これは、給与が振り込まれたタイミングで一定額を貯蓄専用口座へ移し、残ったお金で生活する方法です。
自動積立サービスを活用すれば、毎月意識しなくても自然と貯蓄を進められます。
老後まで長い時間があるからこそ、意志だけに頼るのではなく、自動的にお金が貯まる仕組みを整えることが継続のポイントといえるでしょう。
5.3 情報や制度を定期的に見直しているか
貯蓄習慣が身についた後に重要になるのが、情報や仕組みの見直しです。
たとえば、新NISAのように金融制度やサービスは変化しています。
一度仕組み化して終わりではなく、その後も情報を更新しながら改善していくことで、より効率的に貯蓄しやすくなる可能性があります。

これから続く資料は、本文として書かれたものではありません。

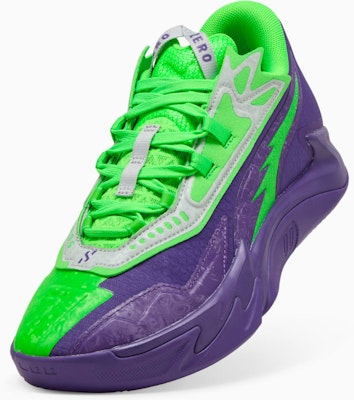 Puma SCOUT ZEROS II NEXTPRO HOOPS Team Violet/Fluro Green Kasut 312225-01 Details for Puma SCOUT ZEROS II NEXTPRO HOOPS Team Violet/Fluro Green Kasut 312225-01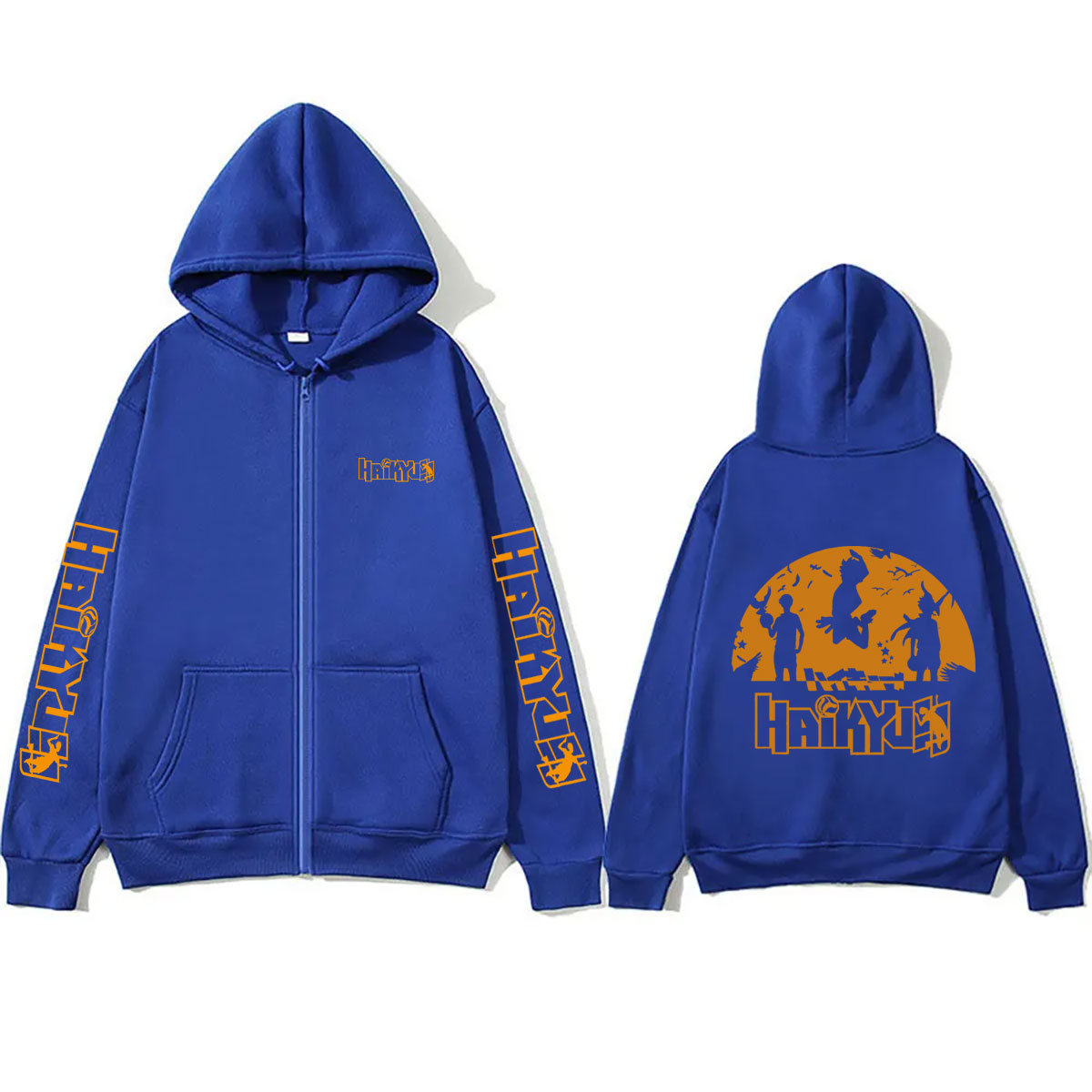 Sudadera con capucha y cremall - Anime Merch Hoodie reseña y precio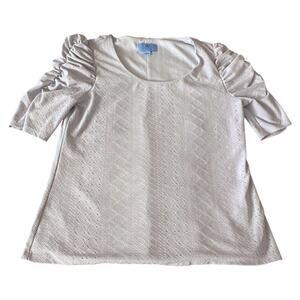 CeCe Light Sky Blue Ruffled Blouse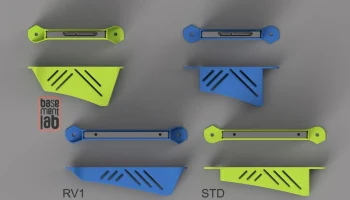 Кронштейн для жесткого диска SSD - крепление в стойку - а.. 1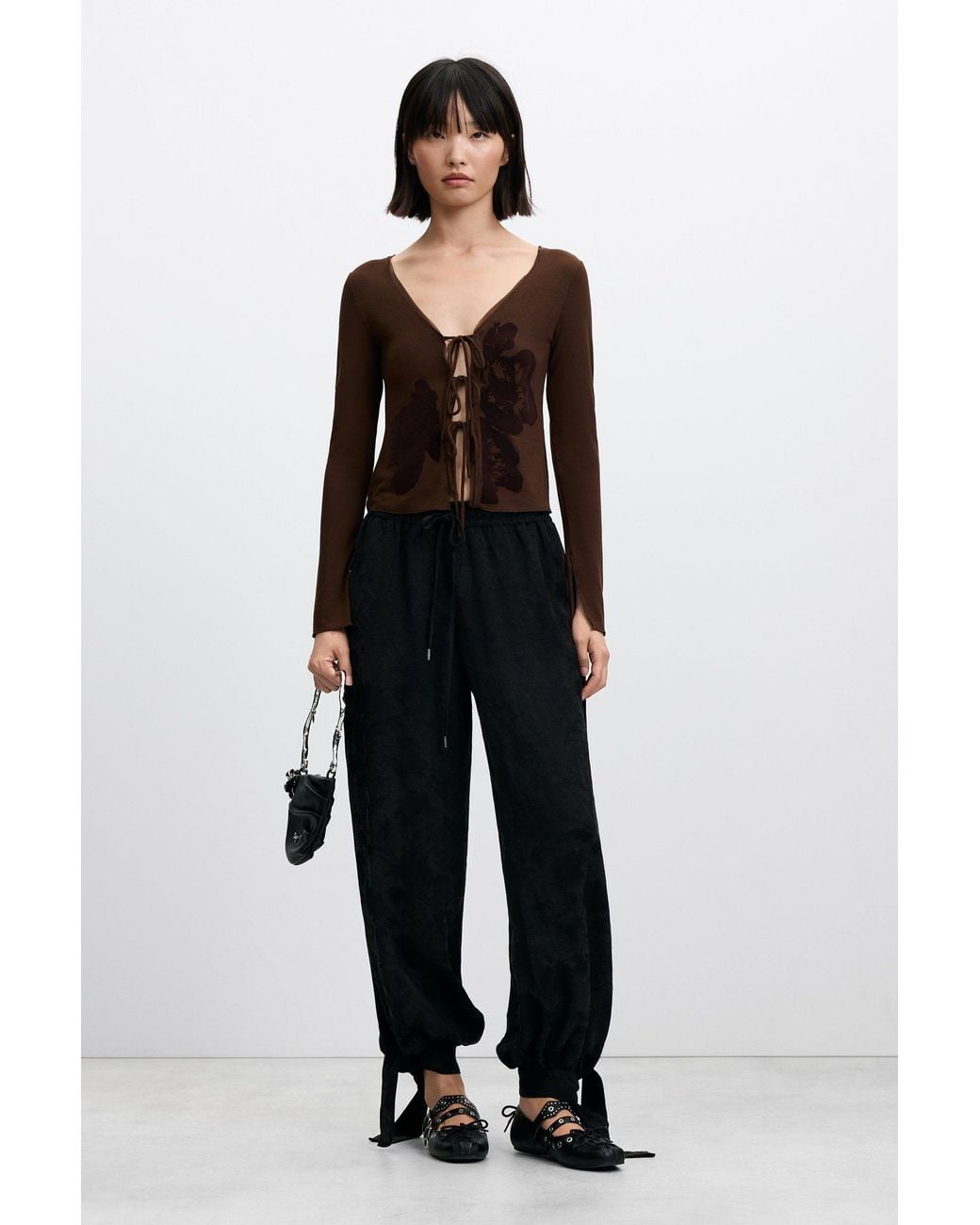 Desigual Black Balloon Lyocell Trousers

もちろん、商品や制度によってメリット・デメリット、リスクも異なるため、情報を十分に確認したうえで、自身のリスク許容度に合わせて取り入れることが大切です。
6. 早めの準備が老後の安心につながる
本記事では、60歳代のおひとりさま世帯・二人以上世帯の貯蓄事情について解説しました。
老後資金づくりは、退職直前になって慌てて始めるものではなく、現役世代のうちから計画的に備えることが重要です。
「いつまでに、いくら必要か」を考えながら、先取り貯蓄や制度活用、定期的な見直しを取り入れることで、将来の安心につながりやすくなるでしょう。